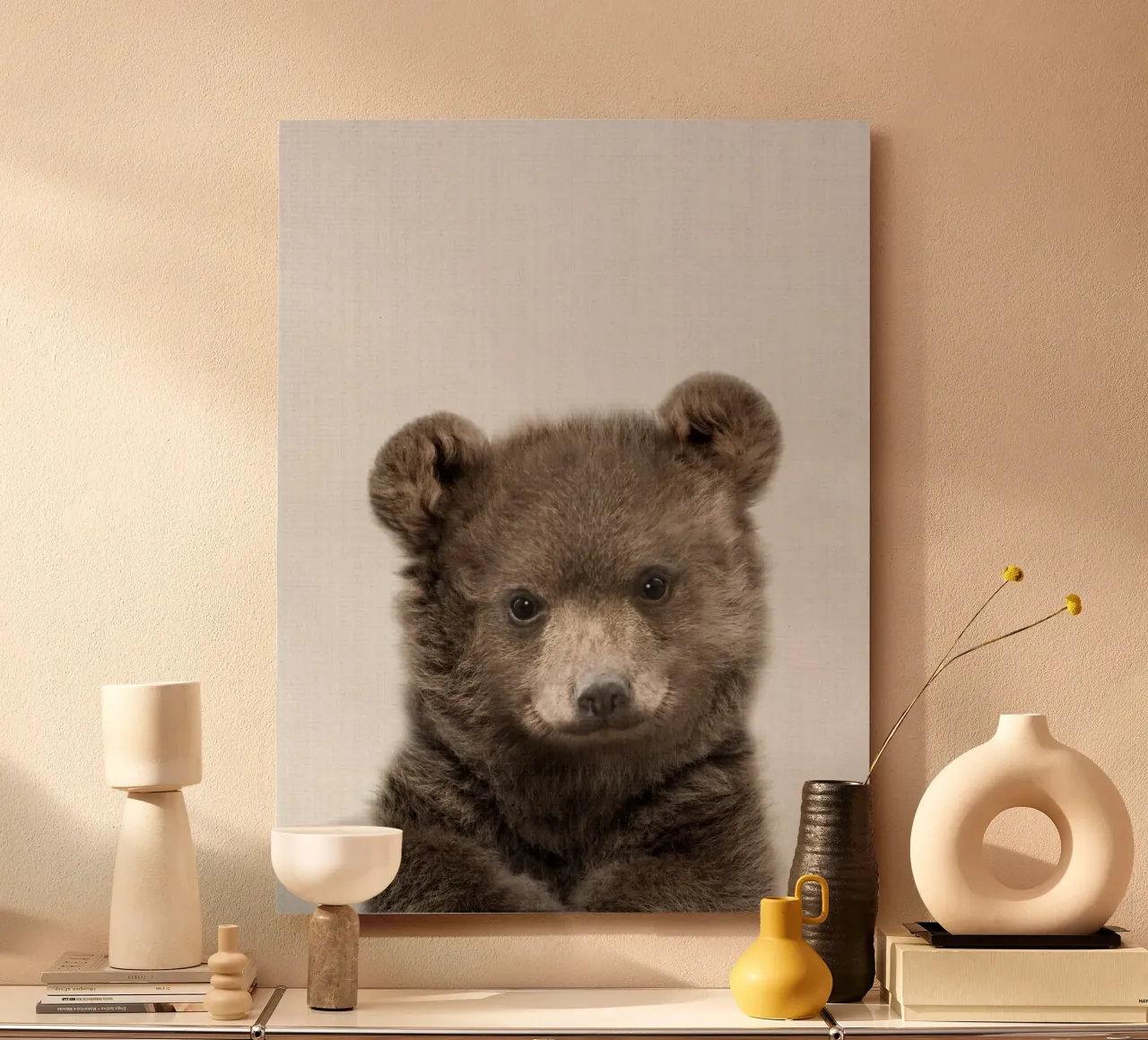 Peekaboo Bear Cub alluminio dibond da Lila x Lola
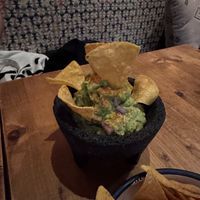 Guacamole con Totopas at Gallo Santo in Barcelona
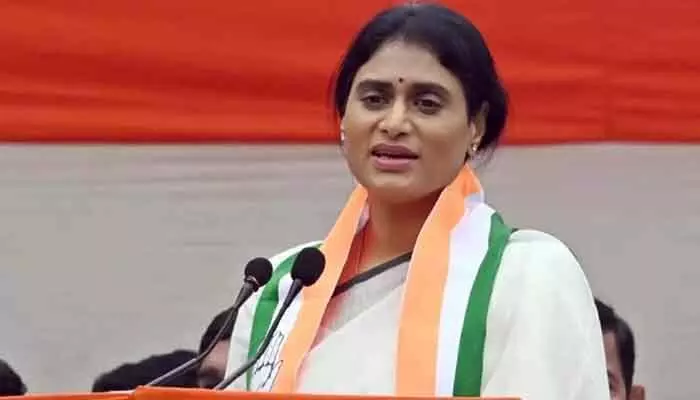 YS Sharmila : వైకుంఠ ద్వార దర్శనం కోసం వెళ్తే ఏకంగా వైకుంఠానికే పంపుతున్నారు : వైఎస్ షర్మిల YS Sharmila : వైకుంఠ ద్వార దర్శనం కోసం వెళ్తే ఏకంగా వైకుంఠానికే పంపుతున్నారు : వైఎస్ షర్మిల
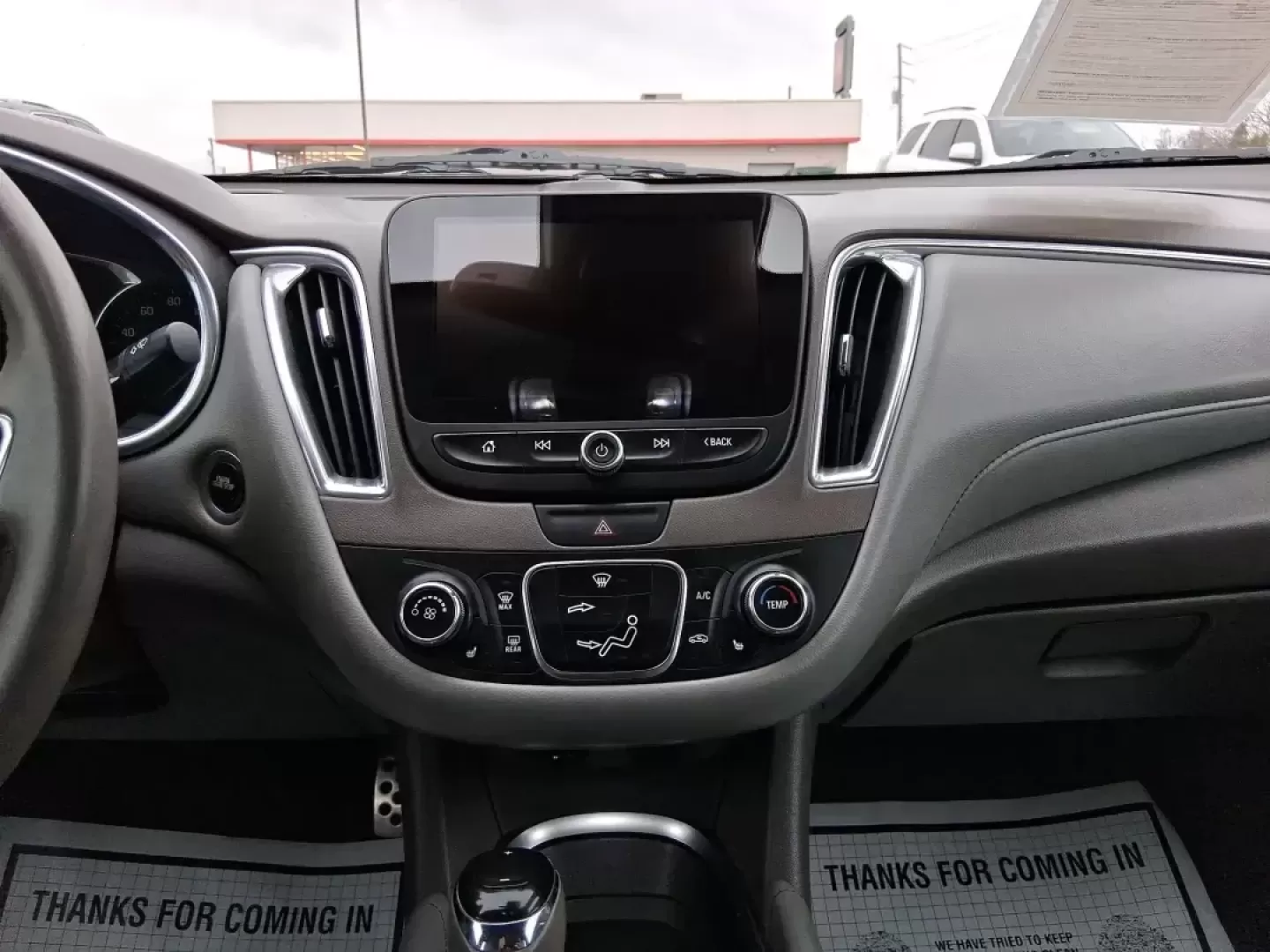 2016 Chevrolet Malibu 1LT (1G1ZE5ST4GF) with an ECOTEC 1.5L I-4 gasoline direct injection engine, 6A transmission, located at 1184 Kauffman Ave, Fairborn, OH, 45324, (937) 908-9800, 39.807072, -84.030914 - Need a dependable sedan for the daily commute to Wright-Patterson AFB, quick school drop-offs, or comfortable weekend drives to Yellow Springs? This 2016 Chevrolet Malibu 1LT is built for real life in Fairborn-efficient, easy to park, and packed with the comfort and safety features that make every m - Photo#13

========================

Exercise requirements :: Repeat the whole listing above word for word, but keep any picture out of it.

Result ::
 Peekaboo Bear Cub alluminio dibond da Lila x Lola
 Guacamole con Totopas at Gallo Santo in Barcelona
 YS Sharmila : వైకుంఠ ద్వార దర్శనం కోసం వెళ్తే ఏకంగా వైకుంఠానికే పంపుతున్నారు : వైఎస్ షర్మిల YS Sharmila : వైకుంఠ ద్వార దర్శనం కోసం వెళ్తే ఏకంగా వైకుంఠానికే పంపుతున్నారు : వైఎస్ షర్మిల
 2016 Chevrolet Malibu 1LT (1G1ZE5ST4GF) with an ECOTEC 1.5L I-4 gasoline direct injection engine, 6A transmission, located at 1184 Kauffman Ave, Fairborn, OH, 45324, (937) 908-9800, 39.807072, -84.030914 - Need a dependable sedan for the daily commute to Wright-Patterson AFB, quick school drop-offs, or comfortable weekend drives to Yellow Springs? This 2016 Chevrolet Malibu 1LT is built for real life in Fairborn-efficient, easy to park, and packed with the comfort and safety features that make every m - Photo#13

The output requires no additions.